====== Data section
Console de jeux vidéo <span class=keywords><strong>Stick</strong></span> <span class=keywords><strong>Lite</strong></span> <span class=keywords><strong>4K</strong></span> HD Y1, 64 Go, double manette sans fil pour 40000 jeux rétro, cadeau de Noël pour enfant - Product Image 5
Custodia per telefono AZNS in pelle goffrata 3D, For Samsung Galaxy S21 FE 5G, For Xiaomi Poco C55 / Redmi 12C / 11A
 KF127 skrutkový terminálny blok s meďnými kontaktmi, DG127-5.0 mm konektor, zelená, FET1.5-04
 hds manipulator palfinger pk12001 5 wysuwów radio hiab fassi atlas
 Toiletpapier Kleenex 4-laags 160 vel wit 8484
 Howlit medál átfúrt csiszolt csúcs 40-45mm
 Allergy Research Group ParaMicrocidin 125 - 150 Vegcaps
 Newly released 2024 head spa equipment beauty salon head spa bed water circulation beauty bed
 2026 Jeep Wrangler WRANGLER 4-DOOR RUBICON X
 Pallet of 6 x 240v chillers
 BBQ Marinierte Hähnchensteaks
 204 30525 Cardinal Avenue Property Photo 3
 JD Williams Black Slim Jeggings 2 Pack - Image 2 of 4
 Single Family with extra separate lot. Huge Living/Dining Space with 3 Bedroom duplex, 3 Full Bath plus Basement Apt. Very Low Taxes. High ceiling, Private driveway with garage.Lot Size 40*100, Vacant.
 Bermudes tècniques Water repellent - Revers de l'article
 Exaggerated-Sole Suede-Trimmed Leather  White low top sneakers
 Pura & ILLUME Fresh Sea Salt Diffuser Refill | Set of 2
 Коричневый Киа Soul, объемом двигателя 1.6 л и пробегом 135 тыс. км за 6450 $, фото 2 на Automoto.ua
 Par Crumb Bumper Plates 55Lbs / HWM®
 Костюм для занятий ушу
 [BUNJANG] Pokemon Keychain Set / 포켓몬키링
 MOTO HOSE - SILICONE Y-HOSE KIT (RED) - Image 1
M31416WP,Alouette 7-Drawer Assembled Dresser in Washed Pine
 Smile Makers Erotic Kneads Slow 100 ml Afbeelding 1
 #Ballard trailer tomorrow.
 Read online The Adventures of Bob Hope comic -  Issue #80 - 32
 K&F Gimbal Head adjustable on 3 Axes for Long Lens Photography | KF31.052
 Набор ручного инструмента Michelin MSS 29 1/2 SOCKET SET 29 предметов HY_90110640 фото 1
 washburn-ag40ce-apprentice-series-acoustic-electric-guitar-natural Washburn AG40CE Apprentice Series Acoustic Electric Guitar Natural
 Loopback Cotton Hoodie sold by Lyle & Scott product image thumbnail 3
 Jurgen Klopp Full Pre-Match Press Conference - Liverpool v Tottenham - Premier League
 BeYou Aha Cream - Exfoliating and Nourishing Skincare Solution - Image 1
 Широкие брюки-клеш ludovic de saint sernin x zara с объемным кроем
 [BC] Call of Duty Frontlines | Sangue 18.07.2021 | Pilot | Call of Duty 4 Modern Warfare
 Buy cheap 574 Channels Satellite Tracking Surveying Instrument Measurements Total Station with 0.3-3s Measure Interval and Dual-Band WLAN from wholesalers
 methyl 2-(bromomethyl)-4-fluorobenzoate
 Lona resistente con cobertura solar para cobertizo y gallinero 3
============
### Instructions for the task
Reproduce, word for word and in full, only the lines above that start at the line with "Bermudes tècniques Water" and run through the line with "Pura & ILLUME", both ends included.

### Output for this exercise
 Bermudes tècniques Water repellent - Revers de l'article
 Exaggerated-Sole Suede-Trimmed Leather  White low top sneakers
 Pura & ILLUME Fresh Sea Salt Diffuser Refill | Set of 2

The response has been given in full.